But the sky and the mirroring water weren't the only true-blue treasures we sought today, for here we knew we would find thousands of royal-blue Narrow-leaved Gentians (Gentiana linearis) adorning nearly every foot of shoreline, all around the pond. I often find this species of gentians blooming along other waterways, but never in the astounding abundance with which they bloom along these shores. A truly amazing sight!
With every stroke of the paddle, another abundant patch of bright-blue gentians came into view.
This particular pond is long and narrow, with a generally east/west orientation. This means that the south-facing shore is almost always in sunlight, and the north-facing shore is almost always in shade. The gentians were equally abundant on either shore, but they did exhibit some differences in appearance, depending upon the amount of sun they received. Note how stiffly erect these sunlit gentians grow, tucked in here among a patch of Arrowhead leaves. These plants never have to search for the light by bending their stems away from the shadows, and so they grow right straight up.
But here are some gentians that grow on the shore that is nearly always in shadow. See how they lean away from the bank, seeking the sun from beneath the shade of the shoreline trees. This habit of growth is typical for those that grow on the north-facing shore. We also noticed that all of the gentians along this shore were fresher and more deeply blue than those of the opposite shore, which had bloomed a few days earlier than these and were already starting to fade.

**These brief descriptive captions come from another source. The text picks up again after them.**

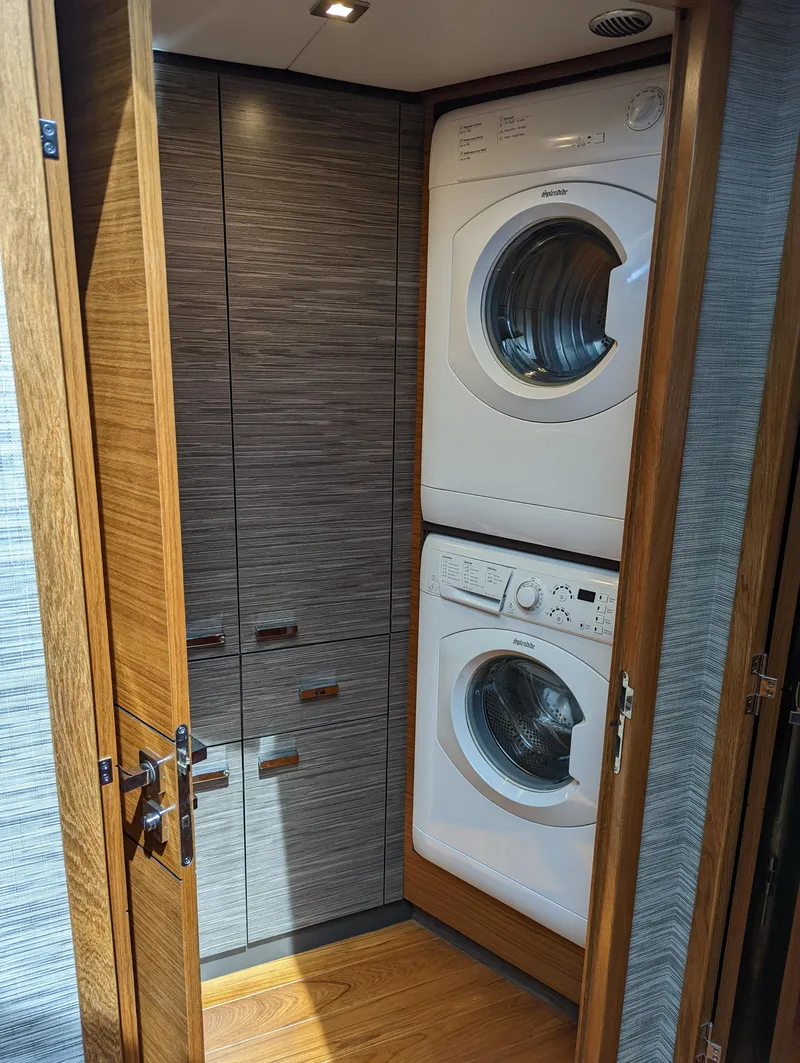 Slide: The Image of 2020 Tiara Yachts F53 Flybridge laundry area with stacked washer and dryer. - 17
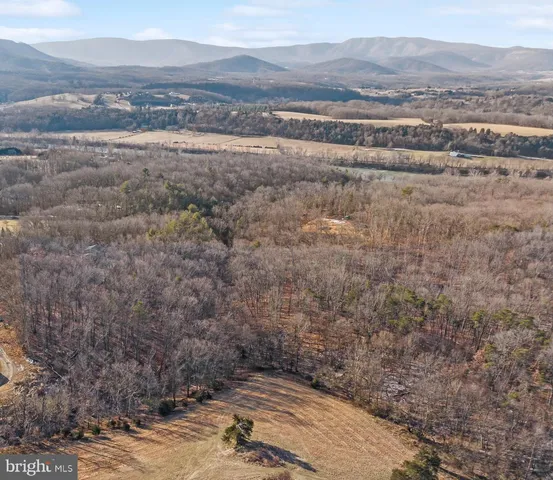 a view of a yard with mountain view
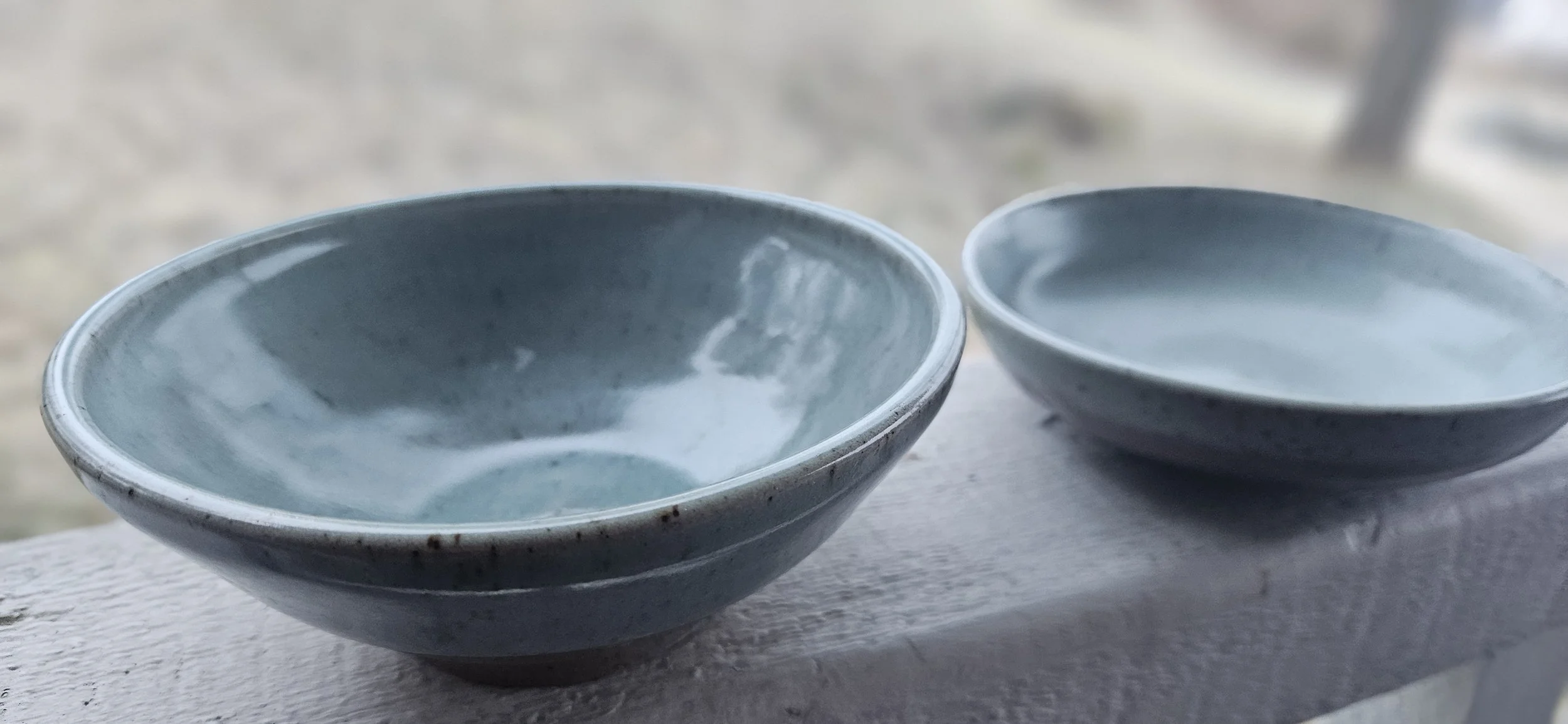 Two blue ceramic bowls with glossy interiors placed on a white surface.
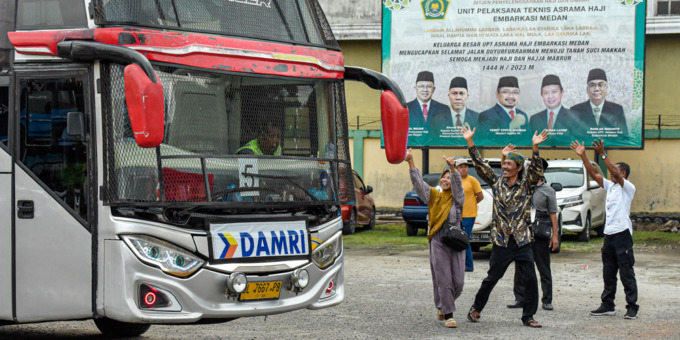 BERANGKAT: Keluarga calon jamaah haji asal Langkat melambaikan tanggan kepada calon jamaah haji di dalam bus yang akan berangkat menuju bandara dari Asrama Haji Jalan A. H. Nasution Medan, Minggu (4/6).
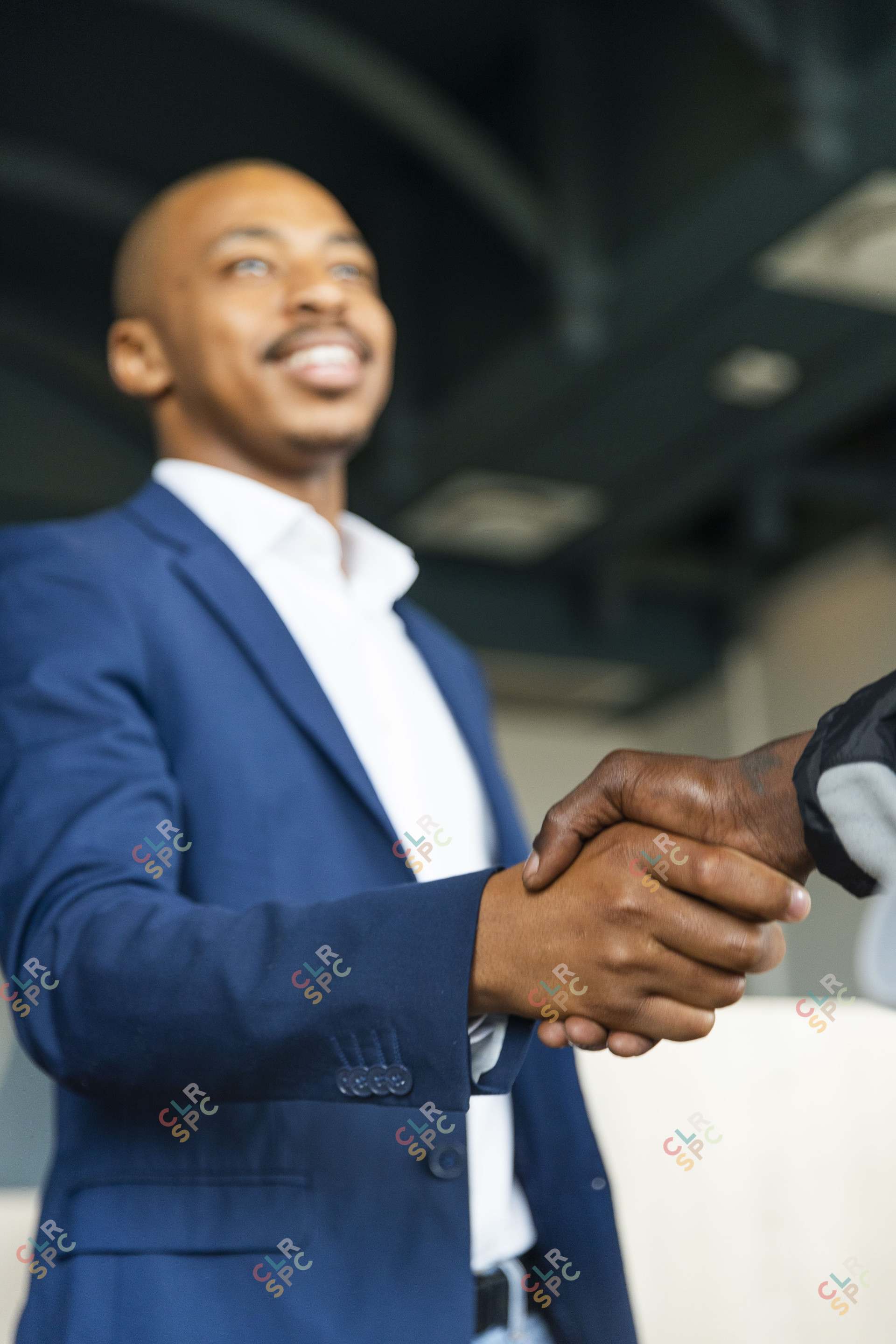 Black business man hand shaking a client at the office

Some of the leaning Narrow-leaved Gentians rested their heavy multi-bloom clusters atop the shoreline rocks.
Some of the stems had actually fallen right into the pond, but the flower clusters floated atop the surface, their beauty multiplied by the watery reflections.
We were quite surprised to see these Narrow-leaved Gentians that appeared quite white, seeming to glow as if lit from within, lifting their luminous blooms from amidst a thicket of dark-green ferns.
A closer look at these "white" flowers revealed they were actually touched with the faintest tinge of blue.
The Narrow-leaved Gentians seemed to exert some kind of monopoly over most other pondside flowering plants. We found very few other flowers blooming today, aside from some towering Flat-topped Asters (too windblown to photograph) and these smaller plants of Northern Bugleweed (Lycopus uniflorus) that bore wreaths of tiny white flowers in their leaf axils. But just a few weeks ago, when we paddled this pond in July, the banks had been teeming with Little Club Spur Orchids (Platanthera clavellata), whose pod-laden stalks we could still find in abundance today.
While other flowers besides the gentians were difficult to find, there were many fruiting plants in abundance. These Bunchberry fruits (Cornus canadensis) were especially easy to spot on the bouldered slopes of the north-facing banks, since their bright-red translucent berries seemed to glow like Christmas lights.
Higher up on the banks, where Hobblebush (Viburnum lantanoides) sprawled across the forest floor, clusters of ruby-red berries had sprung from amid leaves that were already turning their autumnal burgundy hues.
The boughs of this Mountain Ash (Sorbus americana) were so heavy with colorful fruit they hung down low enough to almost touch the water.
After we beached our boats and walked the trails that circle this pond, we came upon some fungi that were just as pretty as any flowers. The most abundant mushroom was this brilliant-orange pixie-capped one called Salmon Entoloma (Entoloma quadratum).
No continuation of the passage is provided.